### Information supplied

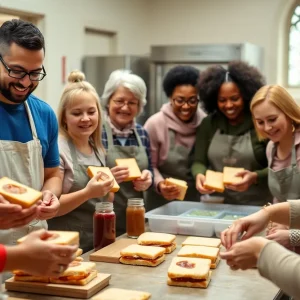 Volunteers in a church kitchen assembling peanut butter and jelly sandwiches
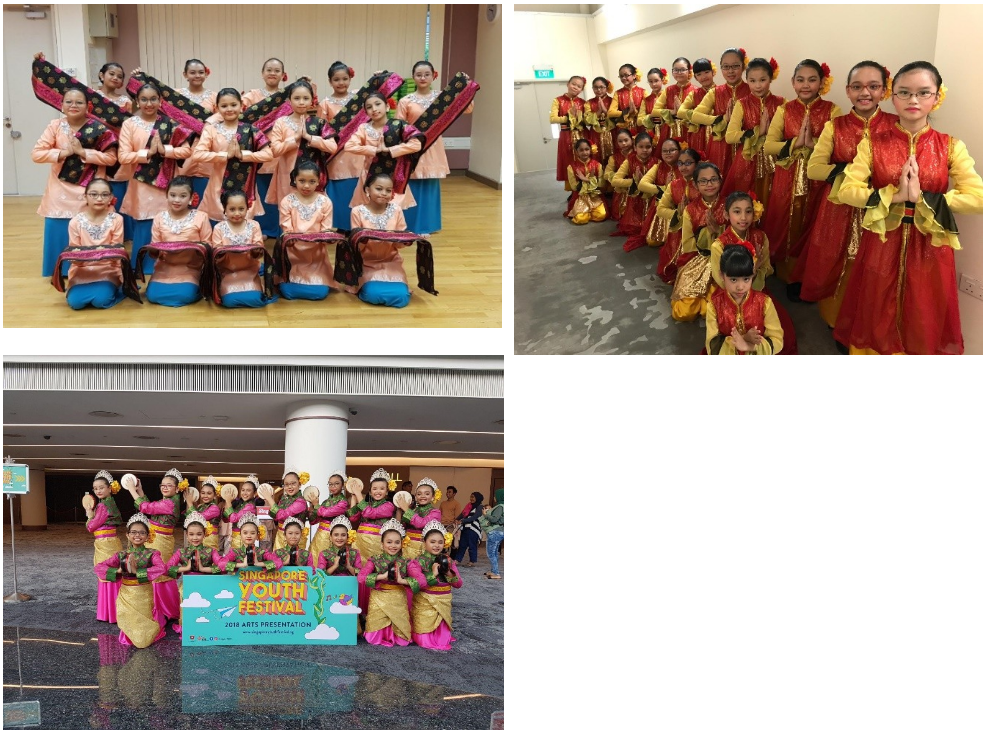 Three groups of young girls in colorful traditional dance costumes pose, one group at the Singapore Youth Festival 2018.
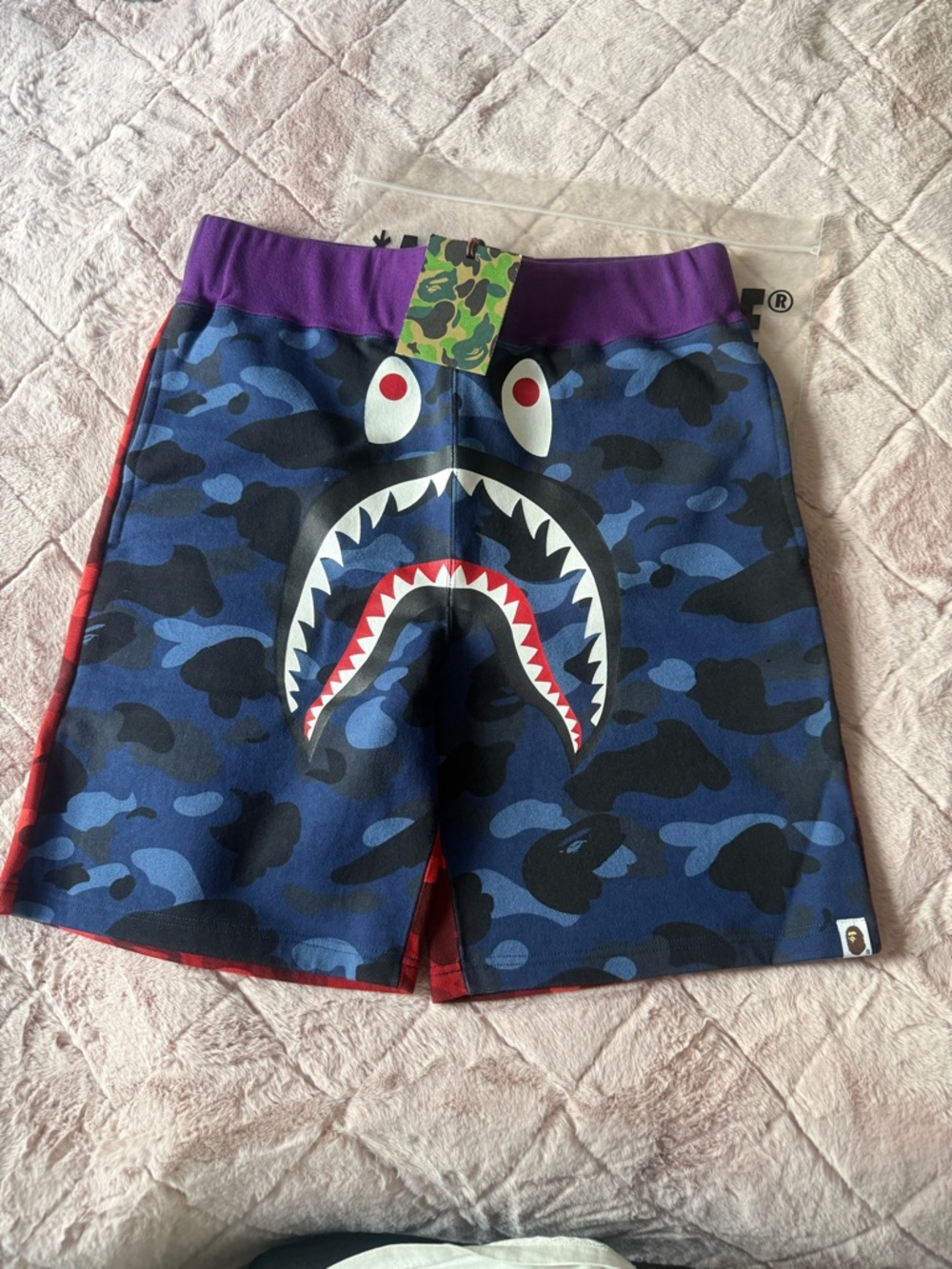 Bape Blue Camo Shark-Graphic Athletic Shorts with Purple Waistband
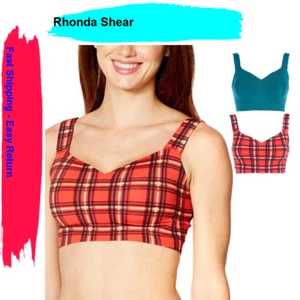 Rhonda Shear 2-pack Infinity Edge Body Bra Holly Plaid/Green 780-213, Size M - Picture 1 of 5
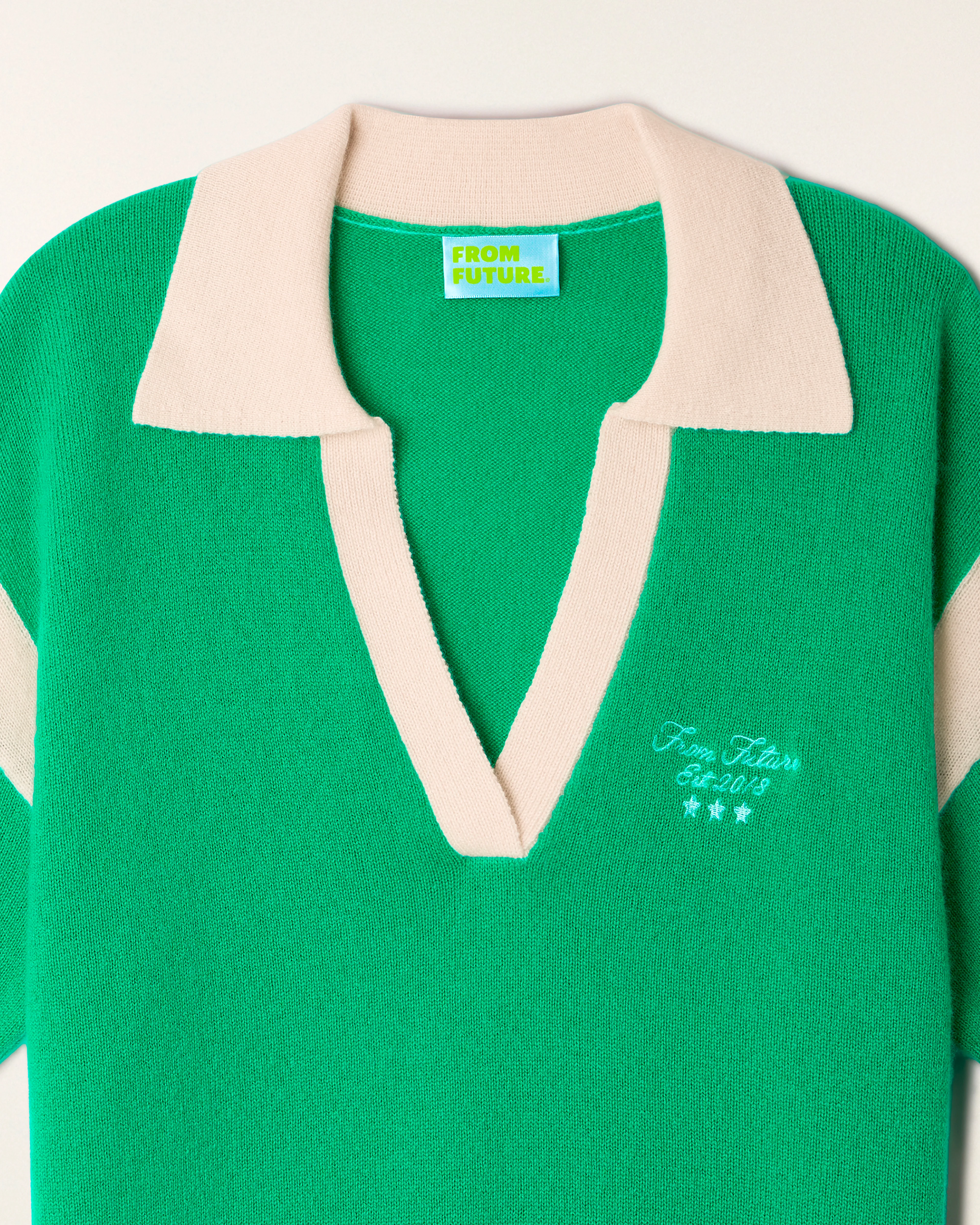 Embroidered Short Sleeve Polo Sweater (S26/ FEMME/ Garden Party Green) - Image 5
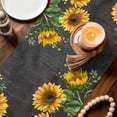 thumbnail image 3 of Yellow Sunflowers Table Runner 120 Inches, Farmhouse Floral Rustic Leaves Dark Grey Bed Runner Dresser Scarves Tabletop for Indoor Outdoor Parties/Ceremony/Banquet, 13"x 120", 3 of 9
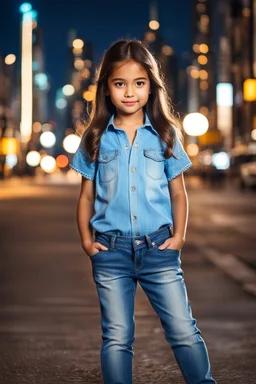 Little 8 years old beautiful girl perfect face,1girl wearing a pretty shirt and jean pant, standing pose,modern city ,night view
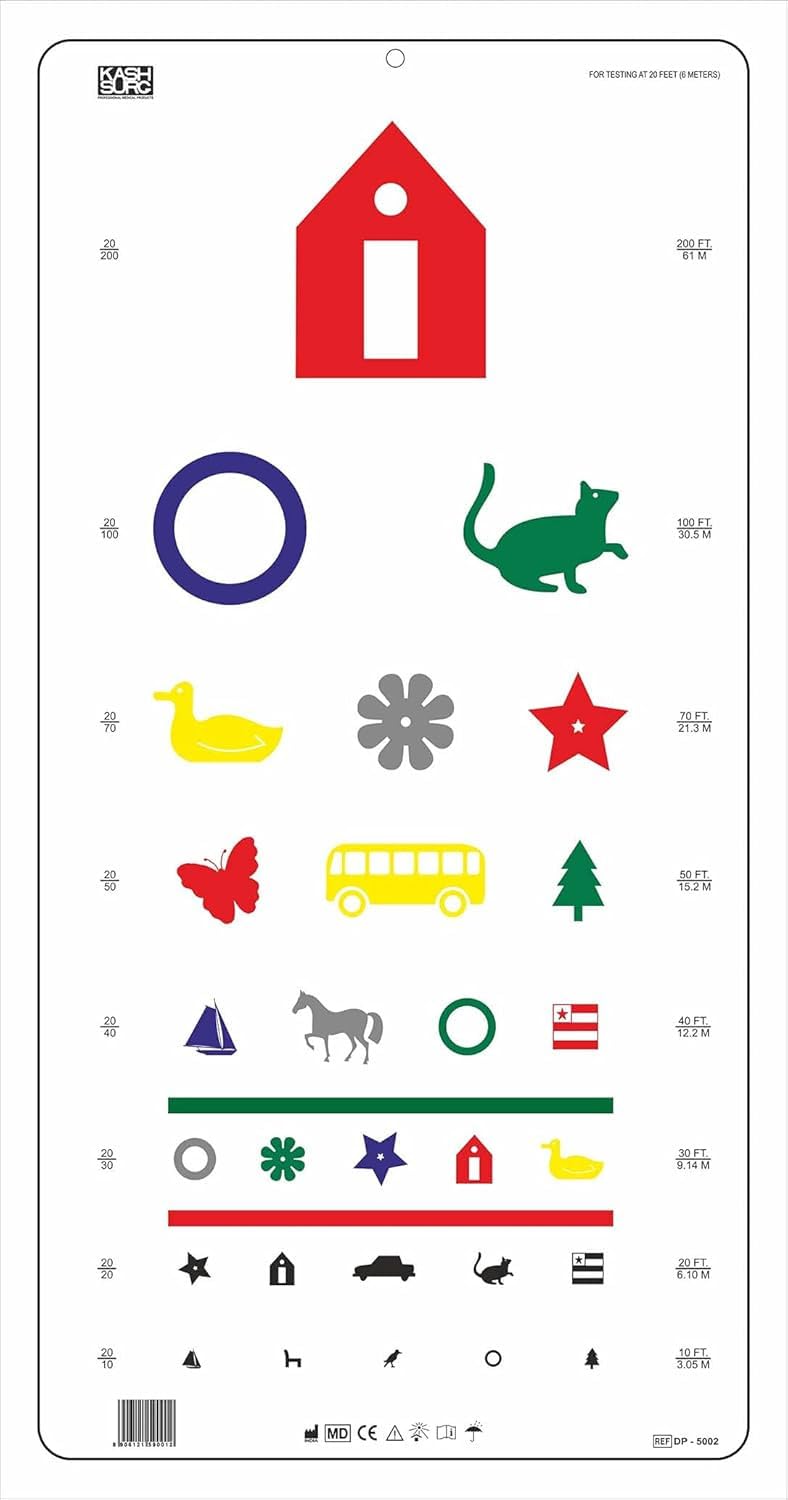 KASHSURG Traditional Snellen Color & Kindergarten Color Distance Vision Eye Chart 20 Feet 22 x 11 Inch__(Pack of_18)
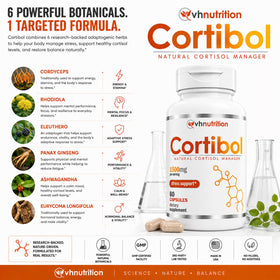 VH Nutrition CORTIBOL 60 capsules avec ingrédients naturels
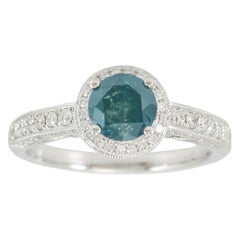 Suzy Levian 14K White Gold Round Blue and White Diamond Halo Engagement Ring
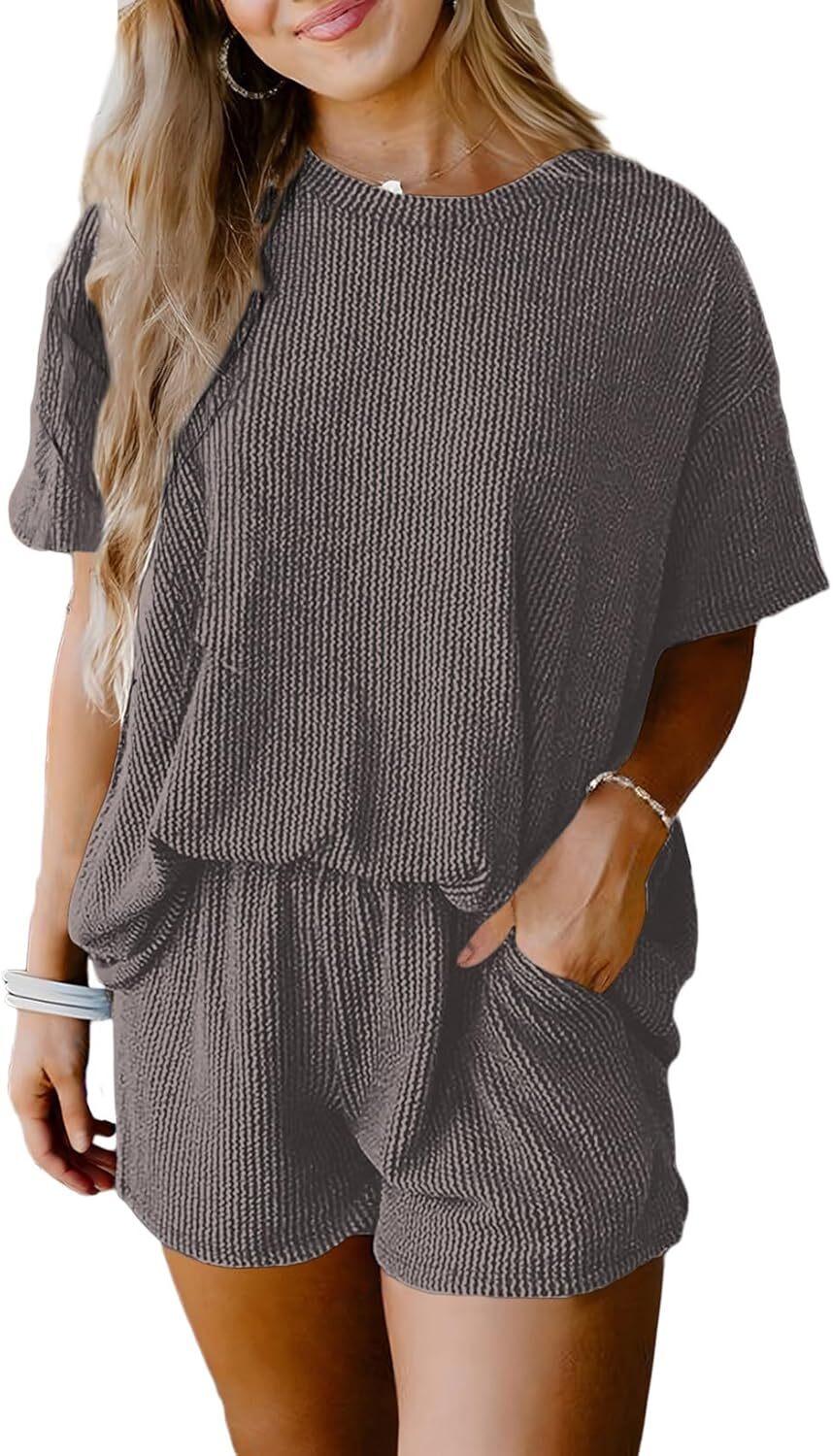 Two 2 Piece Sets for Women Short Sleeve Shirts High Waisted Shorts with Pockets Pajamas Lounge Matching Set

### Task requirements
Nothing but the lines from the line containing "VH Nutrition CORTIBOL" to the end of the records above should be repeated, exactly and with every picture omitted.

### Result for this task
 VH Nutrition CORTIBOL 60 capsules avec ingrédients naturels
 Suzy Levian 14K White Gold Round Blue and White Diamond Halo Engagement Ring
 Two 2 Piece Sets for Women Short Sleeve Shirts High Waisted Shorts with Pockets Pajamas Lounge Matching Set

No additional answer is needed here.